The Ethiopian government is revising investment incentives regulation to attract more businesses including foreign direct investment (FDI) which the country desperately needs.
Facilitating plots of land through regional administration for agricultural investment is similarly underway.
Drawing from the political change, the government had put on hold some investment incentives owing to abuse of the opportunity which had become horrendous as a source of theft since the approval mandate was given to different stakeholders including regions.
The revised incentives may reduce the benefit or give more relief to investors, according to Aschalew Tadesse, FDI Promotion Director at Ethiopian Investment Commission, who explained the country’s potential in the horticulture sector during a promotional conference organized by the Ethiopian Horticulture Producer and Exporters Association.
He explained that the upcoming investment incentives shall consider the type of incentives. “For instance, value addition may get better incentives,” he added by referring to the agriculture sector.

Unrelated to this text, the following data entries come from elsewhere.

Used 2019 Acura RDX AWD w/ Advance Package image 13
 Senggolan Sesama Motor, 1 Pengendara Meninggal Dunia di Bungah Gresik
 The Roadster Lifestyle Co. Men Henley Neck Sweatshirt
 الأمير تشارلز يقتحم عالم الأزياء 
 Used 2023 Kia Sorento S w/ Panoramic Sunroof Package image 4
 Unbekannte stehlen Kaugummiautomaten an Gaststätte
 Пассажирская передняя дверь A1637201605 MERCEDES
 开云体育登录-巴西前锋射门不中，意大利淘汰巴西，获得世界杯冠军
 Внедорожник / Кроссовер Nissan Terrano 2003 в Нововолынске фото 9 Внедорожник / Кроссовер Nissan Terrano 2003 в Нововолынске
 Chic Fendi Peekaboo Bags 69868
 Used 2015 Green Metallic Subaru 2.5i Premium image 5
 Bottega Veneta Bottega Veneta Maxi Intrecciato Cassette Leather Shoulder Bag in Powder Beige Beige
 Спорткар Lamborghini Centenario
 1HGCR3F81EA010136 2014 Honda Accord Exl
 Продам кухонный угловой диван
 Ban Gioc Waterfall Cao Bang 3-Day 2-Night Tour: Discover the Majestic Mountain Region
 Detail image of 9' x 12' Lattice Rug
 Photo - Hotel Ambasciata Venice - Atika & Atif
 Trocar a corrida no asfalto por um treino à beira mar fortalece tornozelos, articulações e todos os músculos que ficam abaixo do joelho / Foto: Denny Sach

“The government would be vigilant, unlike the past, since past experience has shown otherwise,”,” he told Capital.
He told Capital that the incentive regulation that would be ratified by the Council of Ministers would include not only the horticulture investment but other sectors as well.
In 2020, the government revised the investment proclamation and regulation with the aim to create a conducive environment for investment flow including for the sector that was protected only for Ethiopians and the diaspora that is now open to foreigners.
The responsibility to look over the investment incentives is expected to be given to the Ministry of Finance since it gets approval, on such matters.
Similarly, to expand the agriculture sector the central government is working with selected regions including Amhara and Oromia to facilitate land.
Unlike in the past, the power for facilitating and allocating plots of land will- fully be controlled by the regions but the central government may provide support.
Mostly the lands may be prepared for horticulture and spice sectors, while other agricultural investments like commercial farming have got wide attention from the federal government, which is working strongly at least to substitute the import.
Ethiopia is allocating billions of dollars to import agricultural products.
Mekonnen Solomon, Horticulture Investment and Export Support directorate Director at the Ministry of Agriculture, said that regions are working to attract investments with a new scheme.
He said that the new scheme shall contribute to solving access to land. Based on the new approach communities would be part of the investment in their area as they are united by the business centre, thus can allocate their plots for the investment. “The initiative shall prevent displacing farmers from their land,” said Mekonnen.
In the past, the horticulture investment corridor was applied, however, it did not attain the expected outcome.
Mekonnen underlined that allocating plots for investment will highly benefit the community rather than the investor. The director pointed out that the contribution and benefit of the horticulture investment primarily provide for the community in the investment areas.